▶ WHAT THIS TASK INVOLVES
The whole listing, except its pictures, is to be repeated exactly.
* * * * *
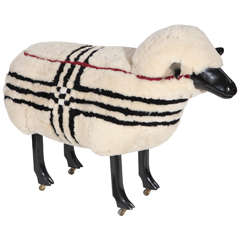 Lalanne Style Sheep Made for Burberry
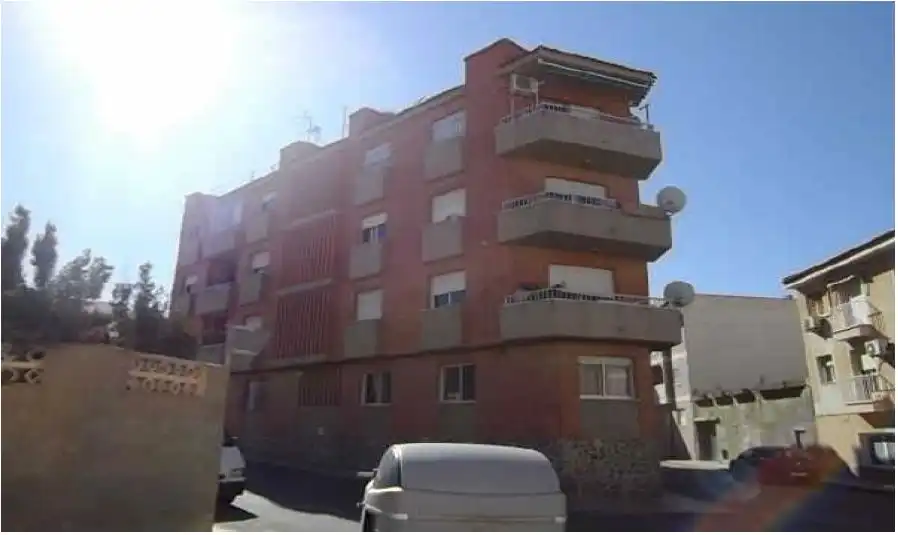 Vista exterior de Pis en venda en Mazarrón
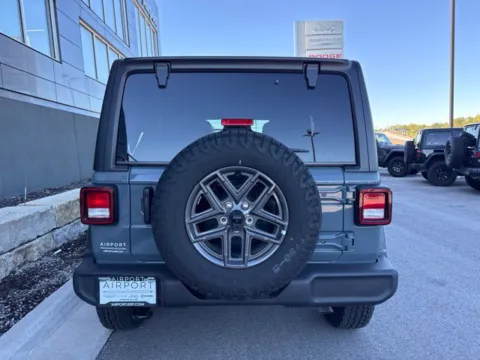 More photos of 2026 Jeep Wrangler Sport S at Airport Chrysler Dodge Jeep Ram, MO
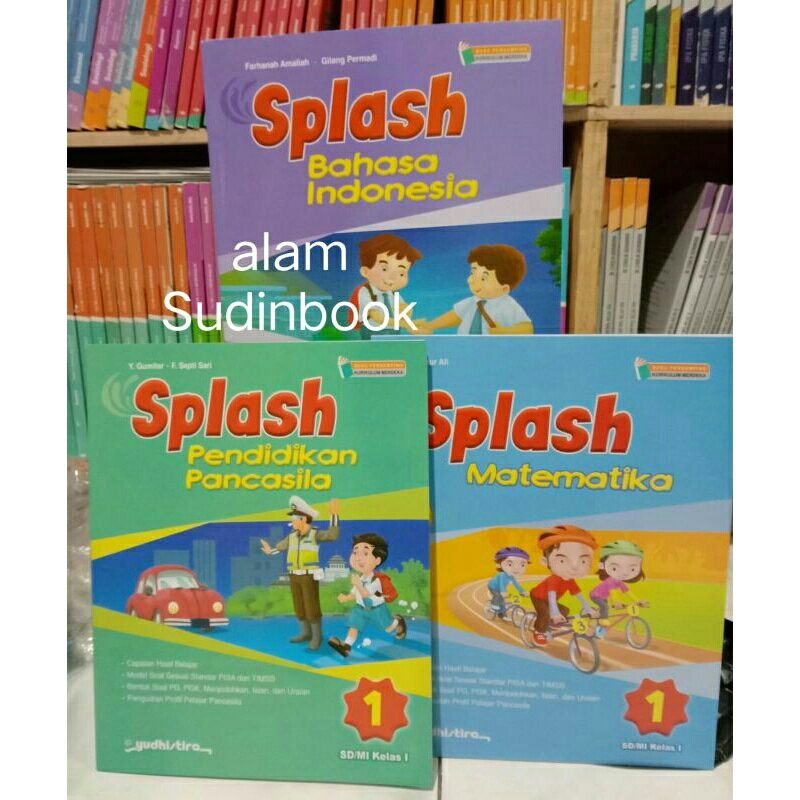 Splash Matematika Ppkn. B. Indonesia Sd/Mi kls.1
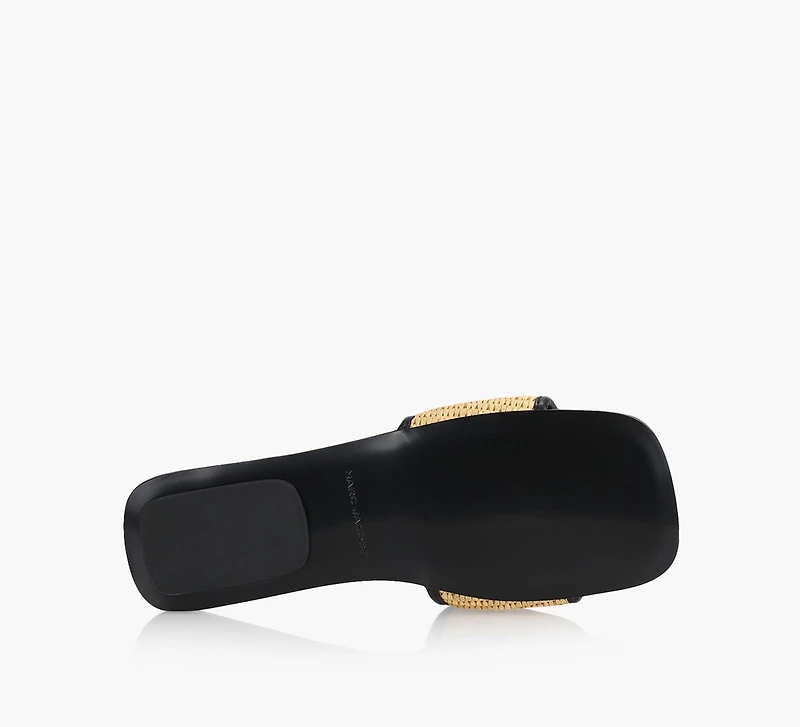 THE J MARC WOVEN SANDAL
* * * * *
▶ RESPONSE TO THIS EXERCISE
 Lalanne Style Sheep Made for Burberry
 Vista exterior de Pis en venda en Mazarrón
 More photos of 2026 Jeep Wrangler Sport S at Airport Chrysler Dodge Jeep Ram, MO
 Splash Matematika Ppkn. B. Indonesia Sd/Mi kls.1
 THE J MARC WOVEN SANDAL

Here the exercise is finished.